Image-text web data:

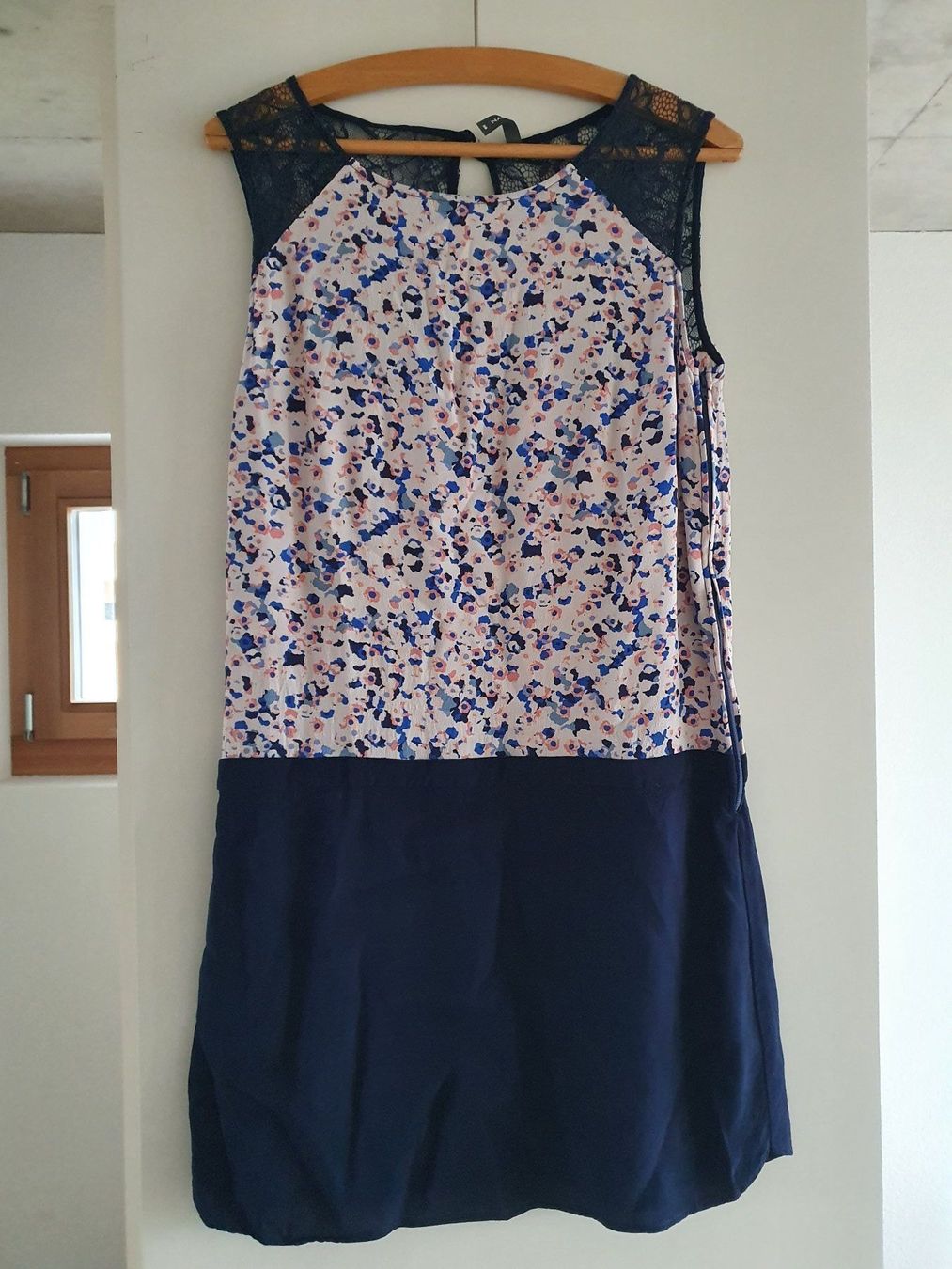 Nafnaf Vestiti: Kleid Naf Naf Gr. 36 – Nuovo (secondo la descrizione) da Villars-sur-Glâne venduto da richardette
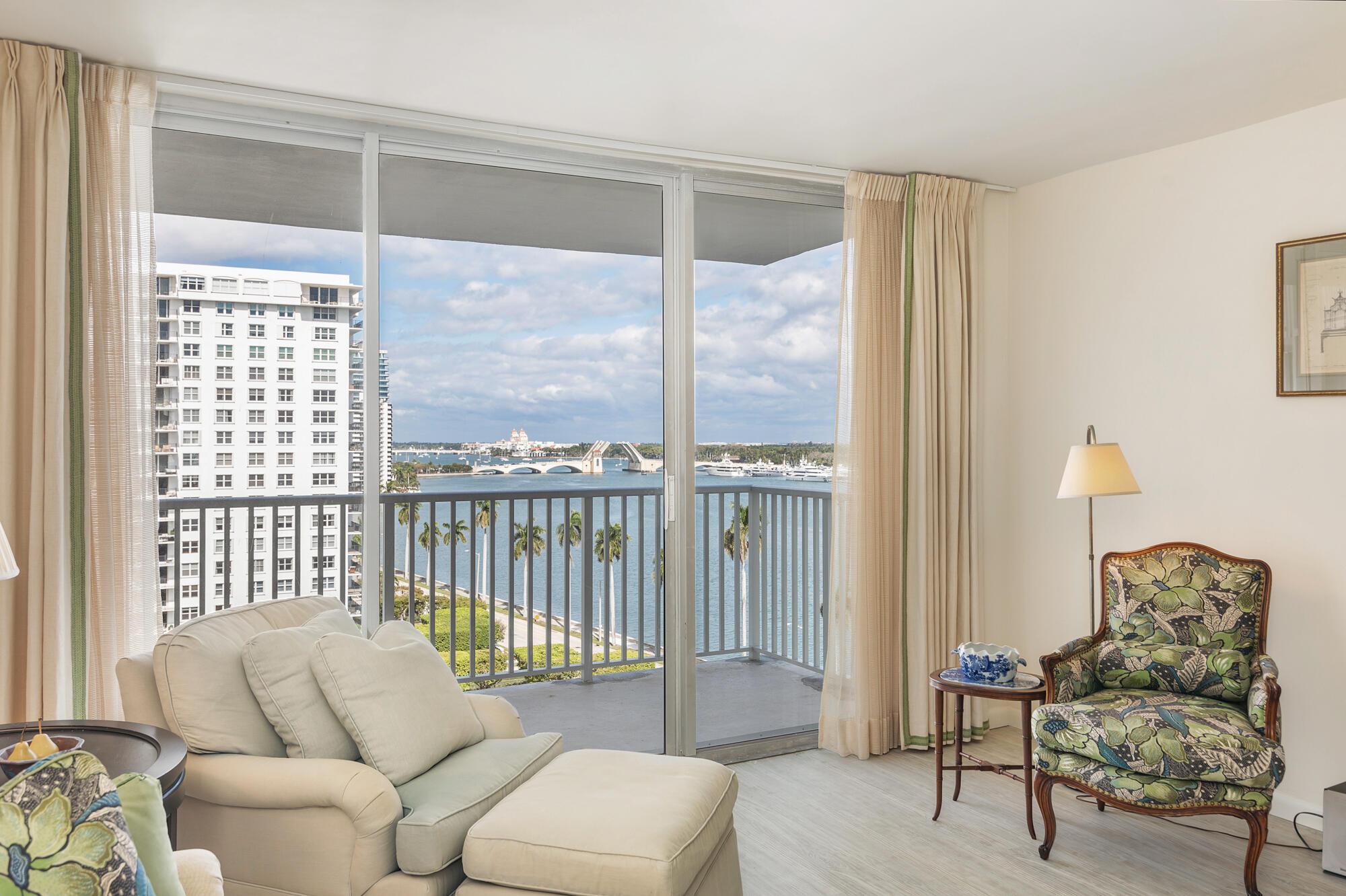 1801 S Flagler #1105, West Palm Beach FL 33401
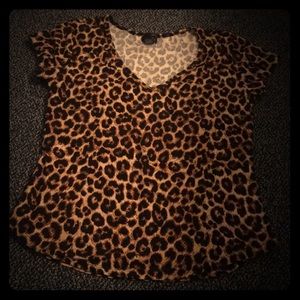 Gently worn cheetah print semi-fitted tee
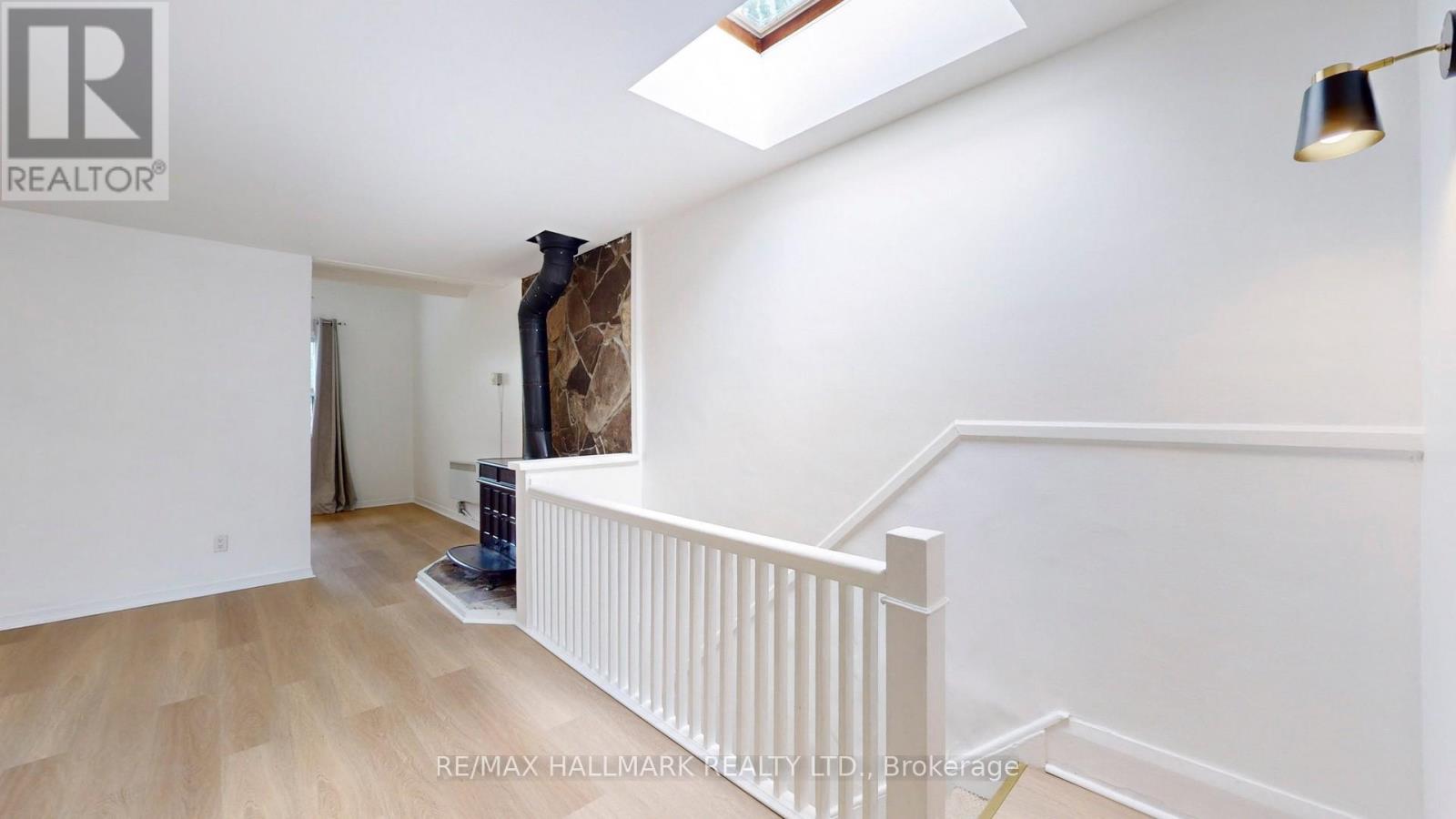 Upper - 215 Kingston Road, Toronto, Ontario  M4L 1T5 - Photo 11 - E12742172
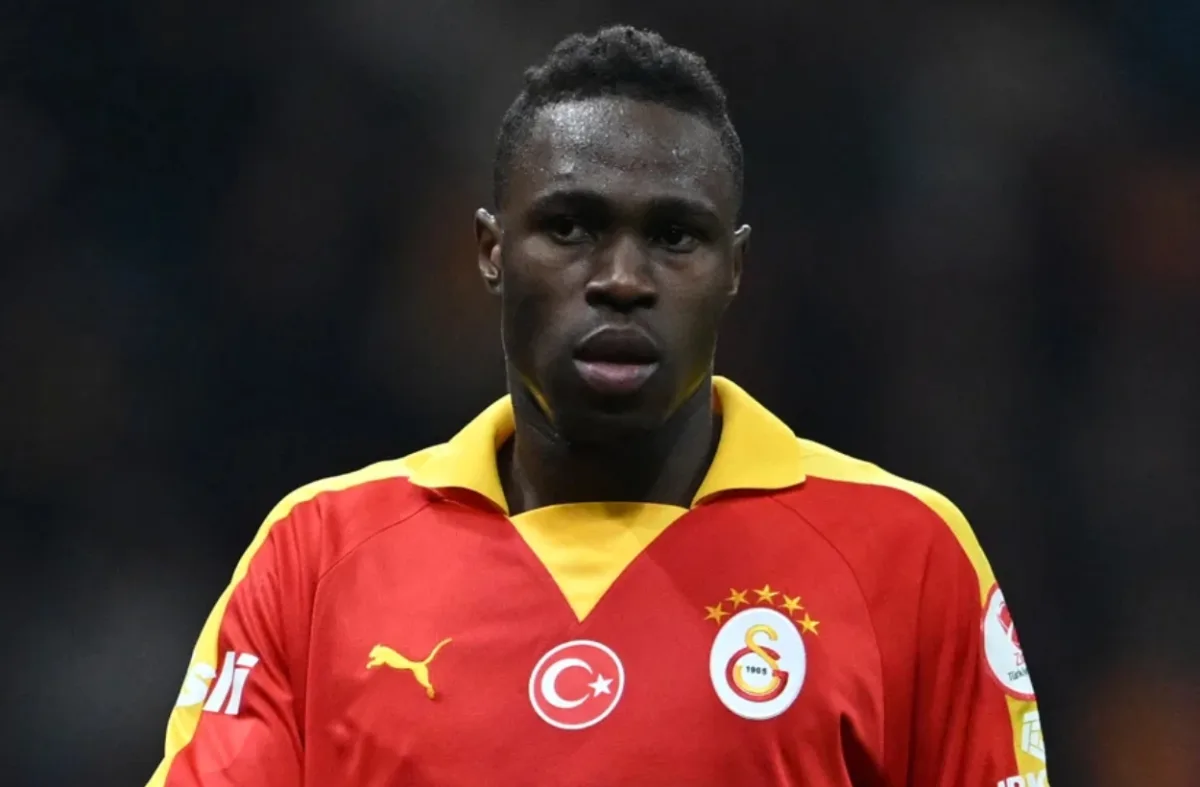 Singo'da papatya falı: Dönüyor, dönmüyor!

- **WORK ITEM**:
Set down all the entries exactly as they appear, but skip any pictures.

- **EXERCISE RESULT**:
 Nafnaf Vestiti: Kleid Naf Naf Gr. 36 – Nuovo (secondo la descrizione) da Villars-sur-Glâne venduto da richardette
 1801 S Flagler #1105, West Palm Beach FL 33401
 Gently worn cheetah print semi-fitted tee
 Upper - 215 Kingston Road, Toronto, Ontario  M4L 1T5 - Photo 11 - E12742172
 Singo'da papatya falı: Dönüyor, dönmüyor!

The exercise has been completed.